I am making a (seamless set-in sleeve) sweater based on Barbara G. Walker’s book, Knitting From The Top. I am first making a sleeveless vest then plan to add a sleeve by picking up stitches around the edge of the armhole. I am at the point where I will add extra stitches under the arm then join the front and back into one row. I have to add extra stitches for the width of the side/underarm area but I do not want these extra stitches in the armhole making it too large. My first attempt at this yielded a large puffy sleeve opening because of too many stitches in the armhole. I want a smooth slim armhole and sleeve but don’t know how to achieve this! Thanks in advance for your expertise!
What measurements do you use as a guide? I find measuring the depth of a shirt I own that has the kind of fit I want for my project is the most accurate.
When I get just above the point where I want the sides to join I do a few increase rows (every other row) usually only 2 (increasing only 4 stitches on each side), then I use a backward loop cast on to add the rest of the stitches all at once. The more increase rows you do before you cast on, the deeper the armhole will be so don’t do too many. The backward loop stitches are going to seem lose, but once you start knitting down they even out and you can fix it when you cast on for your armholes.
Hope this helps.
ETA also I use my high bust measurement rather than my full bust. I don’t think it matters much for people with an a or b cup size, but if you are bigger than a c you will get a better fit if you use your high bust measurement and then add short rows for your full bust.

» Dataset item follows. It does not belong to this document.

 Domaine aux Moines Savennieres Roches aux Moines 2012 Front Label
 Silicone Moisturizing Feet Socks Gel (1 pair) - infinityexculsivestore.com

So, maybe I just had too many rows down the front and back before I joined at the sides with the cast on stitches. I only did two increase rows of two added stitches each before the cast ons so it must be that I was already too deep on the front and back pieces. It is so hard for me to judge size until it’s already knit up! I suppose trial and error is the only way to learn but I despise frogging like everyone else! Thanks so much for the advice!
That might be it. I usually start my increases about 1/2" short of what I want my full depth to be.